What this task involves:
Copy out each line of the listing below in which the string "Rock" occurs.

• • • • • • •

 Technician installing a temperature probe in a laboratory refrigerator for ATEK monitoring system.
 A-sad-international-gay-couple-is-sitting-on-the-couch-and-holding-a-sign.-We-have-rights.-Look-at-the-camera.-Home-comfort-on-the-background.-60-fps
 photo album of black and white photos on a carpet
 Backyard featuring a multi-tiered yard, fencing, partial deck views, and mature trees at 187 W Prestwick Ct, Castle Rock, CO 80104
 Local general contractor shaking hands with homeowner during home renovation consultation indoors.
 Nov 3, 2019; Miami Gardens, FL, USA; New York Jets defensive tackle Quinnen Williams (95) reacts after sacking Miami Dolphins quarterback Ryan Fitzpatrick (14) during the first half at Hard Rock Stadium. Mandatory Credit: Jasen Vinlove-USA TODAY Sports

• • • • • • •

Reply:
 Backyard featuring a multi-tiered yard, fencing, partial deck views, and mature trees at 187 W Prestwick Ct, Castle Rock, CO 80104
 Nov 3, 2019; Miami Gardens, FL, USA; New York Jets defensive tackle Quinnen Williams (95) reacts after sacking Miami Dolphins quarterback Ryan Fitzpatrick (14) during the first half at Hard Rock Stadium. Mandatory Credit: Jasen Vinlove-USA TODAY Sports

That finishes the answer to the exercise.